Oh, Dems. I love you so! So full of belief in the essential goodness of humanity, so hopeful that good will prevail over evil! What a bunch of lovable saps you are! I did it too. I remember trying to salvage some remnant of my sanity in the very early days of TrumpSwamp One. I watched him being welcomed to the White House by Obama and saw the overwhelmed, frightened look in his eyes, as sheer bluster met stark reality, and I suggested—right here in this space, in digital print—that maybe he would have a Nixon Goes To China moment. That maybe he would become privy to the horrifying implications of global warming and decide to achieve fame and glory by doing the politically wrenching job of tackling it. He’d be the one Republican willing to move into the future. He’d be a hero in his own mind, and, parenthetically, also in the minds of future generations.

Two minutes later, he left the White House with all his fear draining out of his porous, pitted soul, replaced by the intoxicating lust for power.

Honeys?

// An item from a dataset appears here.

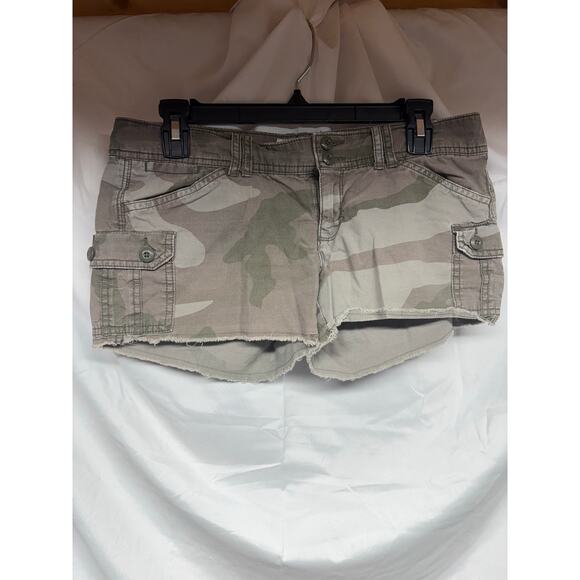 American eagle camo shorts - Picture 2 of 3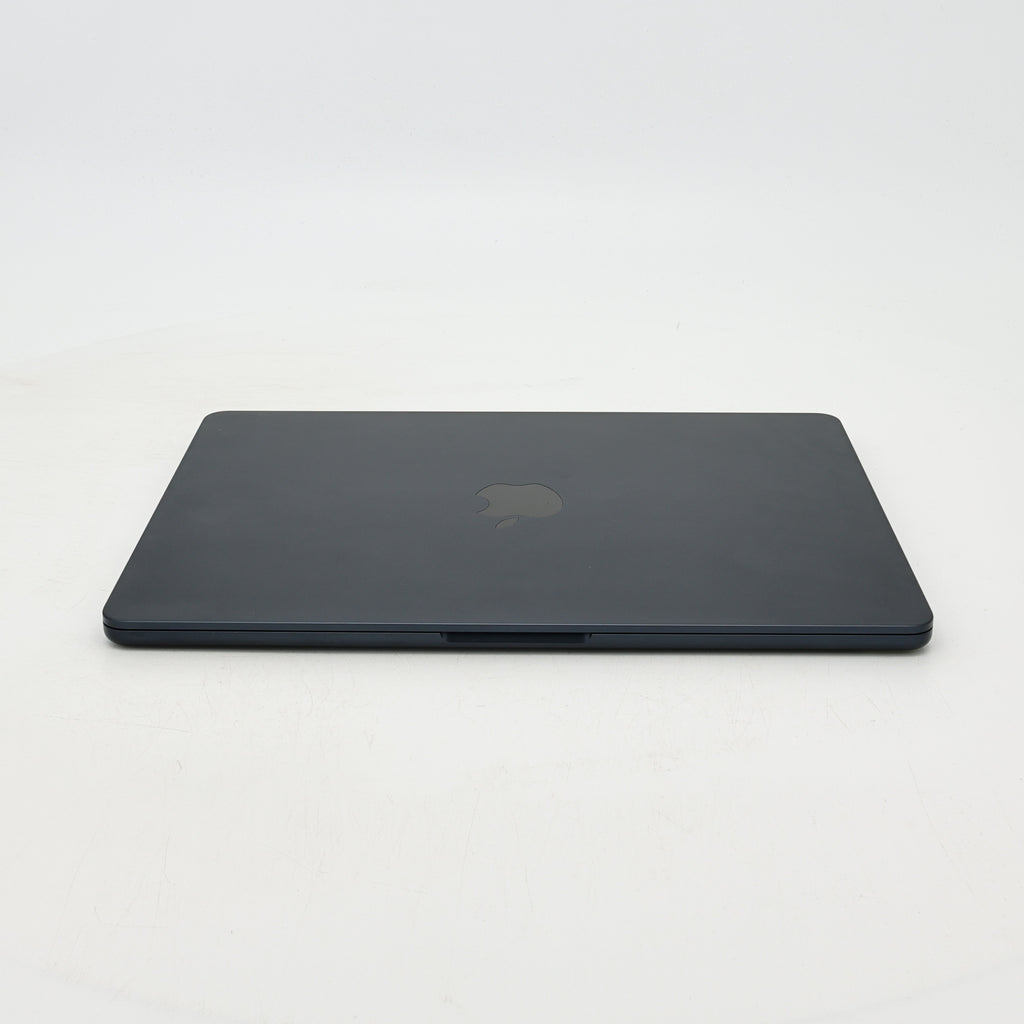 95新 Apple MacBook Air 22年 13寸 M2（8+8核） 8G RAM 256G SSD 午夜色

Mitch McConnell hates the hell out of Trump. But he’s not going to lift a finger to stop him. Both Merrick Garland and Amy Coney Barrett can tell you that. Because, however loathsome he finds the instrument, he realizes that somehow the Republicans have finally blundered onto the one tool that will get them everything they’ve been working for since Reagan. The systematic dismantling of the government. The wholesale shift of the public trust to the profiteers. No more will those pesky environmental or social concerns get in the way of someone’s money. By the time the little people discover what they’ve given up, they’ll be socked away, choking on bad meat and water and air, maybe in an internment camp; maybe a prison. Maybe they’ll be in what used to be called, in pre-New Deal times, the poor house, rebranded for the New World as the Losers Liberty Barracks, Inc. If that’s an exaggeration, it’s not much of one.

The Republicans have already ordered the bathtub they’ll drown the government in, and now they can sit back and watch it all come down. Mitch McConnell is right in there with them, chins rumpling merrily. His whole crew is waiting with dampened drawers for all their dreams to come true.

And all it took was an ugly, empty-hearted old man—a human failure—along with a quashed immigration bill, a stout propaganda arm, and a few disposable transgender people. Poof. The Commons is for suckers.